Chicken Satay
2 pounds boneless chicken
5 cloves garlic
1 large onions -- (1 to 2)
1 piece lemon grass
1 teaspoon ground cumin
1 teaspoon turmeric
2 tablespoons ground coriander
1 ounce langkuas or grated ginger
1 teaspoon salt
6 tablespoons sugar
1/4 cup oil
1/4 cup water
PASTE:
3 ounces tamarind
2 large onions
5 cloves garlic
1 teaspoon grated ginger root or langkuas
1 1/2 cups salt
1 tablespoon dried shrimp paste
2 pieces lemon grass
2 tablespoons dried ground chili pepper
1/2 cup sesame seeds
6 cups coconut milk
1/2 cup sugar
4 teaspoons salt
Cut chicken into strips, pound meat, then cut into cubes and season
with meat tenderizer. Pound separately garlic, onions, lemon grass,
cumin, turmeric, coriander and langkuas. Mix together meat, pounded
ingredients, salt, and sugar. Marinate for at least 4 hours,
preferably overnight. Thread meat onto skewers. Sprinkle oil mixture
(1/2 oil, 1/2 water) over meat and grill until done. Set aside.

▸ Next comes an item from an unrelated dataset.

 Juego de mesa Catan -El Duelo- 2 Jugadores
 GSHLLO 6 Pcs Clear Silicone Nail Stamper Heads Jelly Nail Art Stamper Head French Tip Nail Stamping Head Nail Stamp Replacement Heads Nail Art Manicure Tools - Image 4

For paste: Add the tamarind to water and soak for 2 hours. During
this time, squeeze the tamarind so that it becomes pulpy. Filter the
liquid through a strainer to remove seeds, stem and skin of the
fruit. Pound the onions, garlic, and langkuas. Roast the peanuts,
remove skins, and grind finely. Fry the shrimp paste on medium heat
for a few minutes. Add the onion and garlic paste to the frying pan.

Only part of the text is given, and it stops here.